July 2009 log
Fixed condor configuration so that jobs can be suspended but not evicted for performance or priority reasons. Installed SuperB FastSim software temporarily, waiting on decision from Nick whether we will allow them permanent installation access.
July 23, 2009
MK -- Installed SuperB FastSim software on phedex node
- To temporarily allow SuperB folks to compile their code, installed software according to these instructions.
- Will revisit this permissions issue with Nick.
July 21, 2009
MK -- Garbage collection on WNs
- Added weekly garbage collection of directories on WNs inside /tmp as well as edited kickstart file for the same.
July 15, 2009
MK -- Tweaked condor configuration
- Condor jobs still getting evicted (suspension is OK - job stays in memory, so CMSSW jobs don't have to restart from 0 every time they're suspended), so tweaked condor configuration to:
PREEMPTION_REQUIREMENTS = False
NEGOTIATOR_CONSIDER_PREEMPTION = False
CLAIM_WORKLIFE = 300
WANT_SUSPEND = True
SUSPEND = ( (CpuBusyTime > 2 * $(MINUTE)) \
&& $(ActivationTimer) > 300 )
CONTINUE = $(CPUIdle) && ($(ActivityTimer) > 10)
PREEMPT = False
Initially set CLAIM_WORKLIFE to 1, but condor did weird stuff - number of running jobs and claimed slots fluctuated wildly. Suspect that jobs weren't actually starting and schedd was relinquishing claim before the job ran.

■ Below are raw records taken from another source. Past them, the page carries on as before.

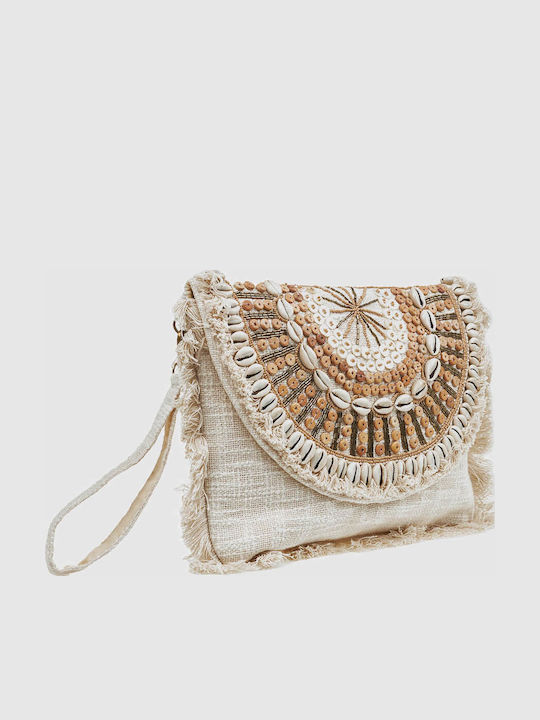 Women's Bag Handbag Beige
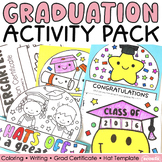 *FLASH $1 DEAL* Graduation Coloring Craft | Graduation Cro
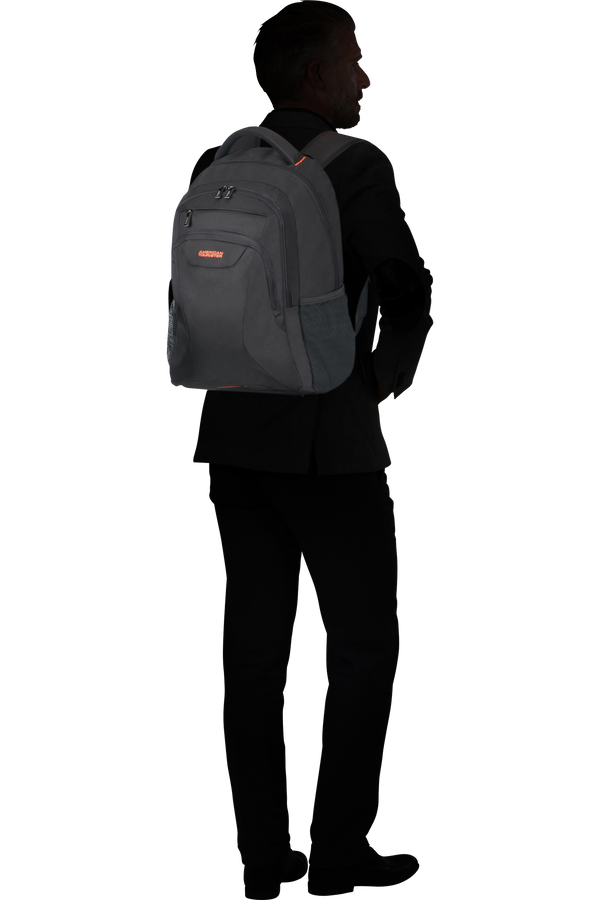 American Tourister At Work Laptop Backpack  17.3inch Black/Orange American Tourister At Work Laptop Backpack  17.3inch Black/Orange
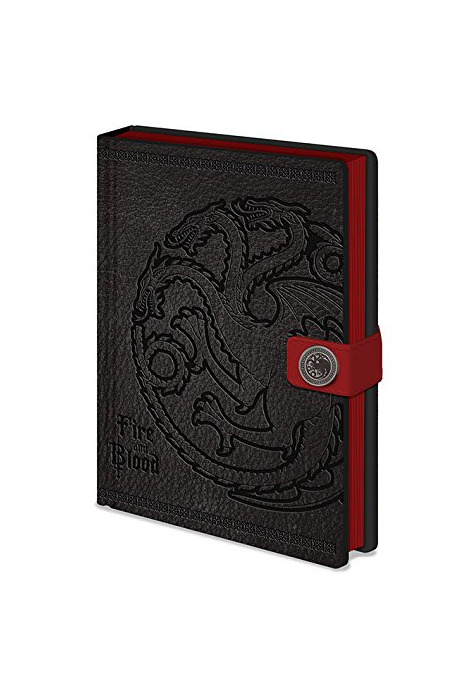 Social Pyramid International - Libreta Premium A5 De Juego De Tronos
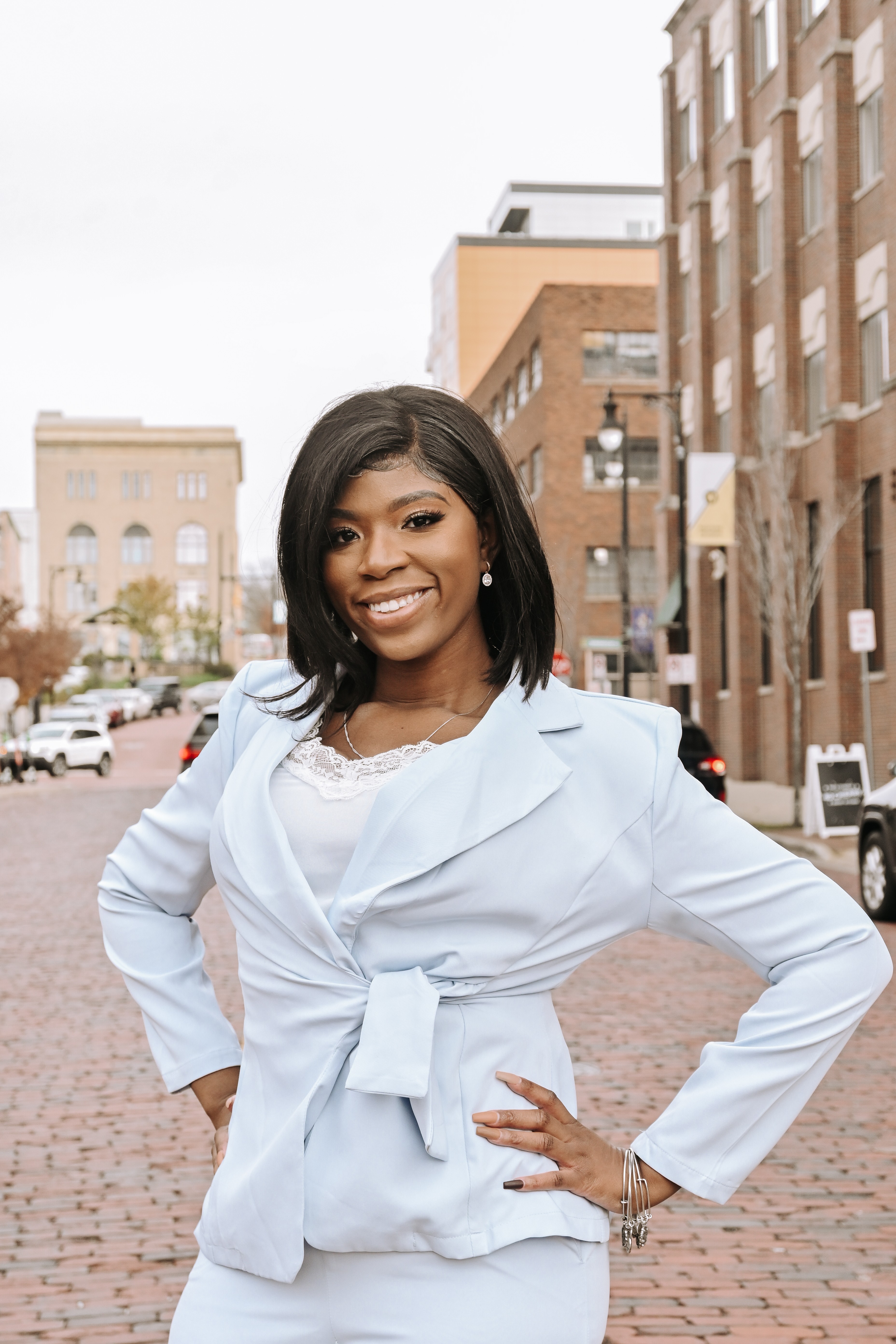 Brittany - Street background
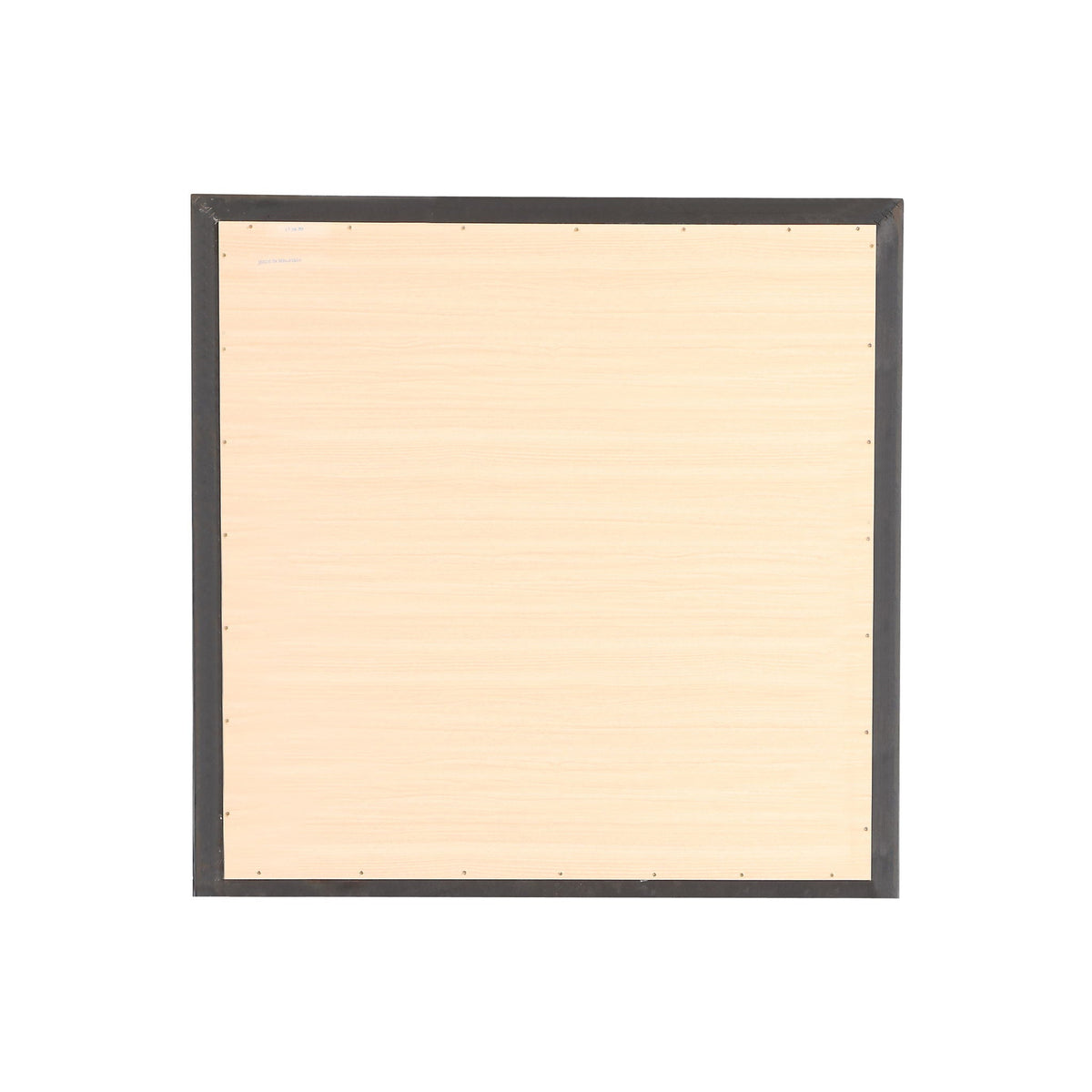Burlington Modern Design Transitional Wall Mirror with Wood Frame - Dark Red, Black, or White, photo 5 of 17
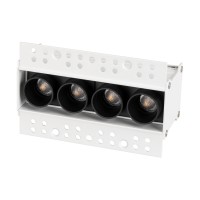  - Светильник MS-ORIENT-BUILT-TRIMLESS-TC-S38x127-10W Warm3000 (WH-BK, 30 deg, 230V) (Arlight, IP20 Металл, 5 лет)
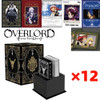 Wholesale 12boxes Overlord Collection Card Albedo Toys Gift For Kids Child Japanese Anime Tcg Card Games Card Box Children Gift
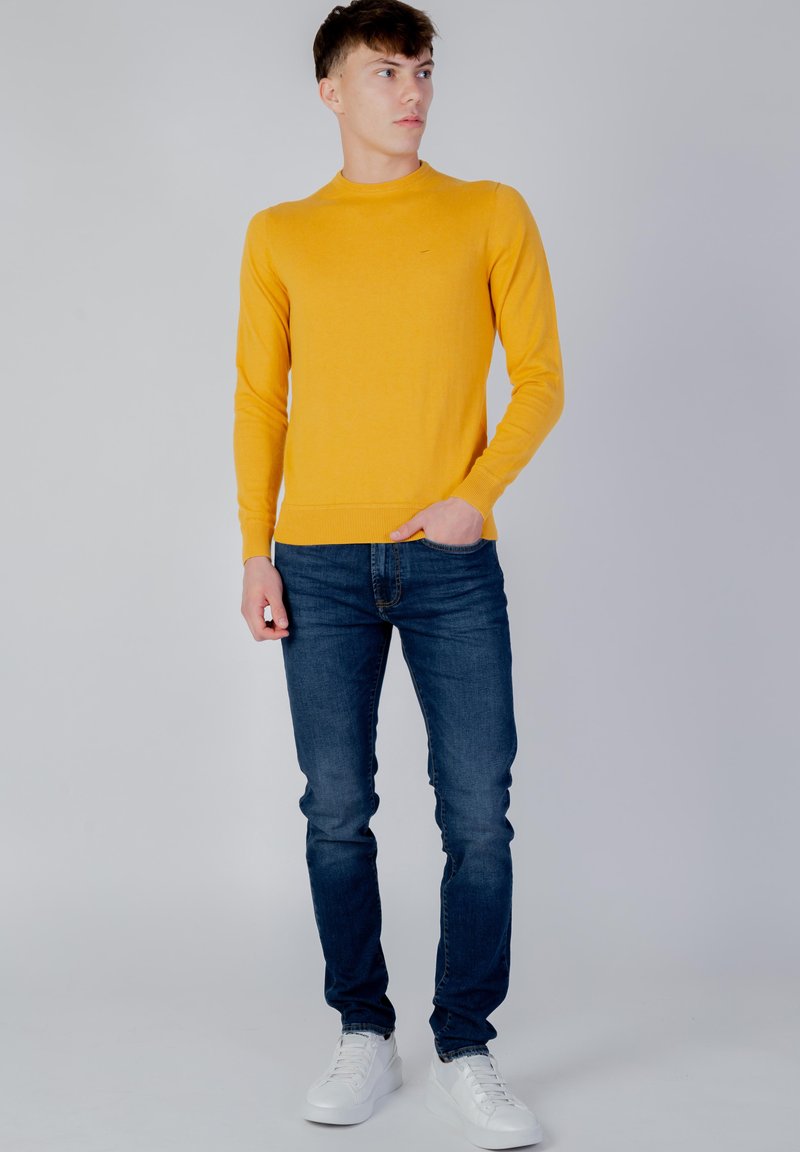 GAS Slim fit jeans blauw denim/bluedenim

Set to 300 and now jobs doing much more sensical stuff. schedd does seem to be relinquishing claim as load increases, but not at ludicrously low numbers. Restarted condor services a couple times and ran tests - latest jobs behaved well.
July 2, 2009
MT -- Removed CMSSW_3_1_0_pre7, installed CMSSW_3_1_0
July 1, 2009
MK -- Installed CRAB_2_6_0